Taraflar için Preah Vihear, sadece bir tapınaktan ibaret değil; tarih, kimlik ve siyaset arasında kalan bir sembol olduğu görülüyor. ABD’nin desteğiyle, bebek katili, işgalci ve soykırımcı İsrail’in 7 Ekim 2023’ten beri Gazze’de başlattığı katliam ve soykırım devam ediyor. Katil Netanyahu ve soykırımcı hükümeti tüm uyarılara kulaklarını tıkayarak büyük infiale neden oluyor. Siyonist çete Filistinlileri açlığa mahkûm ederek öldürüyor.

Öte yandan Rusya ile Ukrayna arasındaki savaş birçok görüşmeye rağmen henüz barış masasına oturamadılar. Bu savaşların yanında Tayland-Kamboçya savaşı dünyayı daha da dayanılmaz hale getirir. Oysa dünyanın savaşa değil barışa ihtiyacı var. Tarih; siyaset için silah değil, barış ve anlayış için bir köprü olmalıdır.

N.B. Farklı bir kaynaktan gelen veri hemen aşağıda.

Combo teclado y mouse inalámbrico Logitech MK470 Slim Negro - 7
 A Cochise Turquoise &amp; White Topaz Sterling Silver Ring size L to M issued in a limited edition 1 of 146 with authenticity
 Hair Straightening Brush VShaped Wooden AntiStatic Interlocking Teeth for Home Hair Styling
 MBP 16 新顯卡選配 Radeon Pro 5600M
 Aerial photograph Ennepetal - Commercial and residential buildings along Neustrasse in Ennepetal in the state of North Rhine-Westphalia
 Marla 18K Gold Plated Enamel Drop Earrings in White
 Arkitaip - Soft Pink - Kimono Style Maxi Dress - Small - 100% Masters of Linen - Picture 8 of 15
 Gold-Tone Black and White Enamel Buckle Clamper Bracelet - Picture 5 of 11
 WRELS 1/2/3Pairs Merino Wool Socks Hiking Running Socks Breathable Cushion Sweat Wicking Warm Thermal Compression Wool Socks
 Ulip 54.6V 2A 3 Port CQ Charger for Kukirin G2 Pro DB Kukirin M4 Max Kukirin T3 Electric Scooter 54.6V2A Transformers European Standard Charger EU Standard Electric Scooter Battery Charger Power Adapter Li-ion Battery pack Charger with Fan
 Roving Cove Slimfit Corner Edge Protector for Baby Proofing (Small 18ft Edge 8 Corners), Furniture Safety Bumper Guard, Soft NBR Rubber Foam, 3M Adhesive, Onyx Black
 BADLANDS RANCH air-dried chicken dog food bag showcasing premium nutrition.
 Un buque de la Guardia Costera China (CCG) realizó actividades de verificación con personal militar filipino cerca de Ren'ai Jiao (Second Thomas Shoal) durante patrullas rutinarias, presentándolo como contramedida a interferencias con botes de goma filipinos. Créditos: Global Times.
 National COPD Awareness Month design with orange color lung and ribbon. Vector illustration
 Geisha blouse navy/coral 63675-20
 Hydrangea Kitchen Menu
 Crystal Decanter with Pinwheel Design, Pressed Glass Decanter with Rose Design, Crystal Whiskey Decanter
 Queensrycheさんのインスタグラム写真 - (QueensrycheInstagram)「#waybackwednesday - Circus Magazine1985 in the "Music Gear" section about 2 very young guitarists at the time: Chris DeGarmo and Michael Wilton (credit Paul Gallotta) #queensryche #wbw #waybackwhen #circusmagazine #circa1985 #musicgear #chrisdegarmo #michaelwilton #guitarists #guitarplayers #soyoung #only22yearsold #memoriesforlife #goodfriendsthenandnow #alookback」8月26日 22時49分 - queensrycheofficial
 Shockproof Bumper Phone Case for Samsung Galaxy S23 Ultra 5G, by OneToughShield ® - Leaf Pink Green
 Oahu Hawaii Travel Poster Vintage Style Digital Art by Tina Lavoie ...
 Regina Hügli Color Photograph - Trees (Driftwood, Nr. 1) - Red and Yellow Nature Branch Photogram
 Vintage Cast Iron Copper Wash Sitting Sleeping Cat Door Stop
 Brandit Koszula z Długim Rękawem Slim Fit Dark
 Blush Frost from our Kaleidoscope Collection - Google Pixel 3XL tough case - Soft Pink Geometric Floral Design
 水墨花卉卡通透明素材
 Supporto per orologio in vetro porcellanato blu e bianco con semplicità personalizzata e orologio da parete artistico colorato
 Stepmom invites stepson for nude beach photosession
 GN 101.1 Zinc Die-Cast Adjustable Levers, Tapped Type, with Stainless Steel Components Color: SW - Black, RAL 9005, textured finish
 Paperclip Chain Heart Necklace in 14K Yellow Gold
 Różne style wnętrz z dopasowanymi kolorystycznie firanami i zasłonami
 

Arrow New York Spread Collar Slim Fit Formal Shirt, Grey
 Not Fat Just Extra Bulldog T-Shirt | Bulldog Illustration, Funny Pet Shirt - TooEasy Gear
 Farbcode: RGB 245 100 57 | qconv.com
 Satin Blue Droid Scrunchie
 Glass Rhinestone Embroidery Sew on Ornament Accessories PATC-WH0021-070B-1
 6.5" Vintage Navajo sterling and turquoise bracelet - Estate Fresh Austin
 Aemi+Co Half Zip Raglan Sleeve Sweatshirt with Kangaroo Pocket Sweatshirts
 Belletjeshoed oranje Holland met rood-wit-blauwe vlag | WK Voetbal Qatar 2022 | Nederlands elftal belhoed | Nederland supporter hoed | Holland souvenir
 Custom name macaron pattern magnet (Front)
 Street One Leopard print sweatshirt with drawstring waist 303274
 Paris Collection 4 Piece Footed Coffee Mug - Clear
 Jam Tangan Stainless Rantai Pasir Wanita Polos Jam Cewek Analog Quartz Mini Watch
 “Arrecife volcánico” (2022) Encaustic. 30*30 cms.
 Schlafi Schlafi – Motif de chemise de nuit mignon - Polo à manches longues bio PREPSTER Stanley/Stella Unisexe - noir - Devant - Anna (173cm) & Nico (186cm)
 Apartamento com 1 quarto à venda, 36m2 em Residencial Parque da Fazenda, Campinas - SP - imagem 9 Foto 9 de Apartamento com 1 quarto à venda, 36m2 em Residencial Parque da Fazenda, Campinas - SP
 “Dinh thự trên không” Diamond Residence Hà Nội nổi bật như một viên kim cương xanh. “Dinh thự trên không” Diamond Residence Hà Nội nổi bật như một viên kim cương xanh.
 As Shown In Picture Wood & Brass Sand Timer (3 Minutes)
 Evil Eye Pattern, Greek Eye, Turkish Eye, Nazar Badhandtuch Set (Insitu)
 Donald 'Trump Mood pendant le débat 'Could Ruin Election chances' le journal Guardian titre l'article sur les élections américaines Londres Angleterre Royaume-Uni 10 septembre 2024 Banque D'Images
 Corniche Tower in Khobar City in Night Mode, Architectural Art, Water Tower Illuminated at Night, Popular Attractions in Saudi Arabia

Bu savaşta tarih manipüle edilerek kanlı çatışma haline getirildi. Ekonomisi gittikçe kötüye giden Yunanistan da Türkiye’ye karşı ayni tehlikeli oyunu oynadığını görüyoruz. Atina şımarıklığı bıraksın. Emperyalistlerin gazına gelerek ülkemize karşı aptalca tarihi ithamlarda bulunmasın. Bu savaşı iyi analiz etmesini tavsiye ederim.

Hulasa Tayland-Kamboçya hikâyesinden çıkarılacak dersler var. Tarih, doğru anlatıldığında bizi bölen değil, birleştiren bir güçtür. Yeter ki geçmişe dürüst, geleceğe ise sorumlu bir gözle bakabilelim.